Research & discovery
The customer journey map - built in collaboration with the client - connected user pain points to business goals across five stages: research, booking, pre-travel, during tour, and post-tour.
It became the strategic backbone of the redesign, and the source of four measurable KPIs agreed at the start of the project.
23%
Reduction in pre-travel support
92%
Positive customer reviews target
9%
Increase in CTR to booking flow
35%
Increase in online bookings

Customer journey map developed collaboratively with the client, mapping pain points and KPIs across five stages from research through to post-tour.
Displaying availability
The availability page had a 73.8% abandonment rate on desktop, rising to 82% on mobile. Users couldn't filter by party size, so they were hitting unavailable dates repeatedly. The ideal fix required significant API rewrites - not feasible immediately. Working closely with engineers, I redesigned the flow so users selected their departure date and airport first, which allowed the system to return availability matched to their group size. It added a step, but removed the dead ends.
Tour selected with # guests
Calendar view with airport
Book flow step 1 / Flight details
Book flow step 2 / Accom selection
Book flow step 3 / Choose Accom type

New booking flow screens from calendar selection through to accommodation type. It's probably worth mentioning, I'd use AI to create mock ups like these for conversations with Engineers.
Excursion cards
7 out of 10 usability test participants couldn't identify what was included in the tour price and what cost extra. I redesigned the excursion card with clearer pricing hierarchy, a condensed "good to know" section, an image gallery and video, and a prominent "add to booking" CTA. The redesigned card also appeared in the new Manage My Booking dashboard, so customers could add excursions post-booking without calling.
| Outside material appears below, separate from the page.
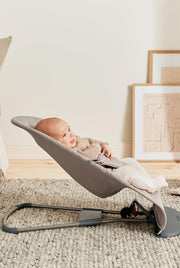 View BabyBjörn Babywippe Bliss, Gewebt, Klassische Steppung, Sandgrau image 4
Before - text-heavy card with unclear pricing. After - streamlined card with image gallery, "good to know" section, and clear add-to-booking CTA.
Accomodation selection
6 out of 10 participants found the hotel room selection and party allocation confusing. I redesigned the screen to present each accommodation type in a clear tabbed layout with visual comparisons, pricing, and availability. A revised UI was tested in a second round of guerrilla testing and achieved 8 out of 10 - up from 6 out of 10 first time round.

Search results
Heatmap data showed that sidebar filters were the most engaged element on the search results page, but CTR dropped sharply after the first two results - and on mobile, most users interacted only with the first. I redesigned the results page as a visual grid, leading with strong imagery and surfacing key information - price, duration, and availability - without requiring users to click through to find it.

Process
User flows mapped every possible path through the booking journey - including edge cases - and became the primary tool for aligning the team on what was technically feasible. Once approved by stakeholders, I moved into mid-fidelity Figma designs for usability testing, iterating quickly before moving to final UI.

Low-fidelity prototypes exploring multiple design solutions which is useful for discussing with stakeholders, engineers and planning what we would user test.
Design
With technical constraints resolved and usability testing complete, the final designs focused on three things: immersive imagery, a simplified booking flow, and a mobile-first experience that matched how Transun's customers actually browse.


Impact
The four KPIs agreed at the start of the project set a clear benchmark for success. Google Analytics, Hotjar, and post-booking surveys are in place to track performance from launch - with the redesign positioned to hit all four.
The biggest challenge on this project wasn't design - it was constraint. Working within a legacy API meant that some ideal solutions weren't possible, and the real skill was finding approaches that served users well within what was technically feasible.
Collaborating with engineers before a single screen was designed was the decision I'm most glad we made. It meant fewer surprises later and a final product that could actually be built.